11. In default of parents, therefore, the succession to the stridhan of an unmarried female goes to the sapindas of her father, and if these fail, the kinsmen of the deceased woman herself (her own mpindas) become entitled to inherit in the order of propinquity. This is obvious from the fact that, after quoting and explaining the texts of Yajnyavalkya, enumerating the different kinds of stridhan, Vijnaneshvara quotes the text which lays down the general rule regulating succession to it as follows:-

Her kinsmen take it, if she die without issue.” [The Mitak. Ch. II, Section XI, plac. 8, Stokes’s Hindu Law Books, page 460].

12. Vijnaneshwara, in explaining this and the following text, says :-

The kinsmen have been declared generally to be competent to succeed to a woman’s property.

13. Then he proceeds to enumerate the specified kinsmen-who these are in the case of a woman married according to the approved rites, or of one married according to the blamed rites or of a maiden. The specific enumeration, in which must be included the sapindas of the parents for the reasons above given, stopping there, the general rule above quoted must take effect. According to it, the kinsmen of the deceased woman herself become heirs in default of those specified. And this is in conformity with one of the leading rules of inheritance in Hindu law: “Whoever is the nearest sapinda of a deceased person, to him the inheritance goes”-a rule of general application operating where all special rules of inheritance cease to apply.

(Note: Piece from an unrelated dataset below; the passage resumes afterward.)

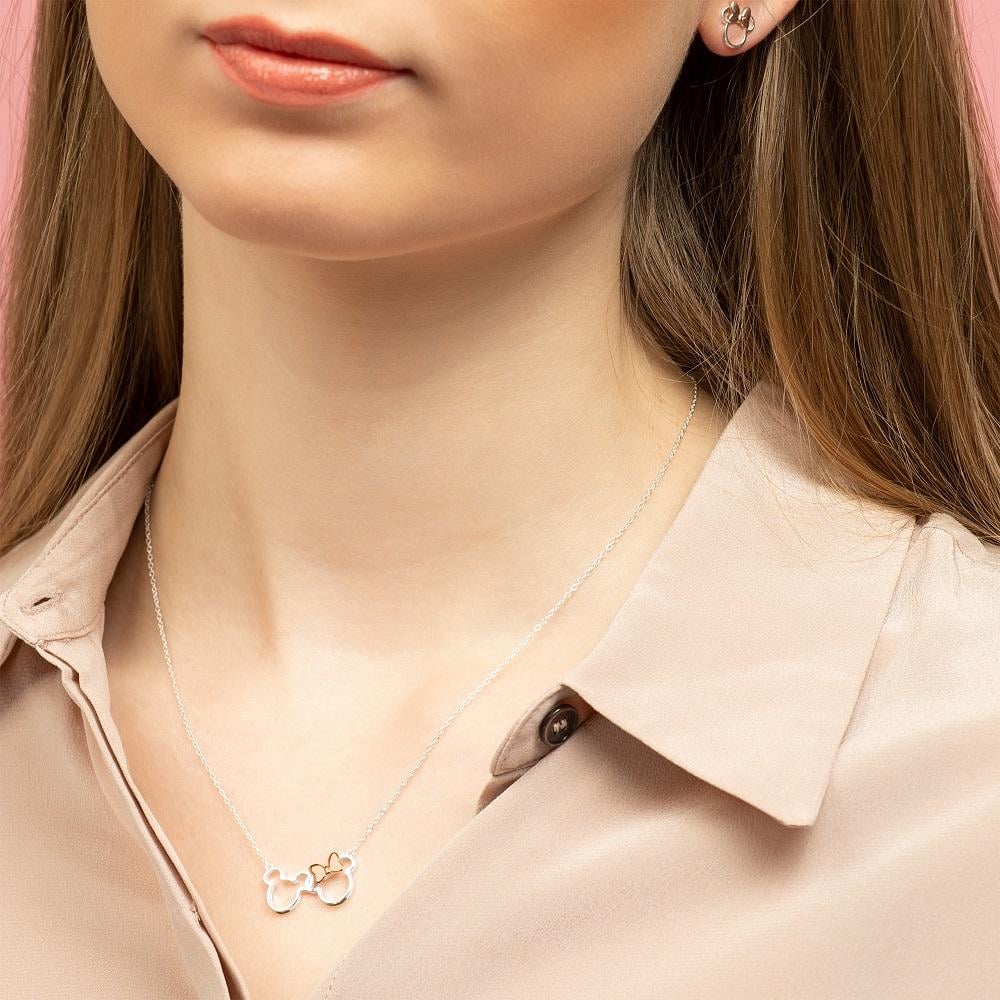 MICKEY & MINNIE - Necklace in Rose Gold & Silver Brass Plated - 3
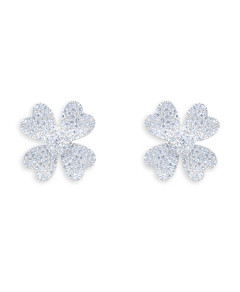Meira T 14K White Gold Diamond Pave Flower Stud Earrings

14. It has been strenuously urged, however, before us by the learned pleader for the appellant that in the case of succession to the stridhan of a maiden, in default of parents, it must go to the sapindas of her mother first and that it is only on failure of them that the sapindas of the father are entitled to come in. For the purposes of this argument the learned Pleader interprets the expression “their nearest relations” in the rule mentioned by the Vira Mitrodaya above quoted-namely, ” in default of the mother and the father, it goes to their nearest relations”-in a distributive, not in a conjunctive, sense, as meaning the nearest relations of the mother and, in default of them, the nearest relations of the father.

15. It is impossible to adopt this construction. Assuming that the words must be construed distributively, the mother’s sapindas would be entitled to precedence over the father’s on no other ground than that the mother inherits before the father. But this right of precedence given to the mother by Vijnaneshwara is obviously personal and there is not a single instance where he has extended that right to her relations. On the other hand, the fact that he meations the pitrv, bandhus (father’s cognate kindred) as coming in as heirs before the matri-bandhus (mother’s cognate kindred) in cases of obstructed succession shows that wherever the right of precedence is given to the’ mother it is purely personal. The observations and authorities cited in the judgment in Saguna v. Sadashiv (1902) I.LR. 26 Bom. 715 : 4 Bom. L.R. 527 support our view.

16. The conclusion we have arrived at has this further merit that it brings the Mitakshara in conformity with the Maukha. 17. For these reasons we confirm the decree with costs.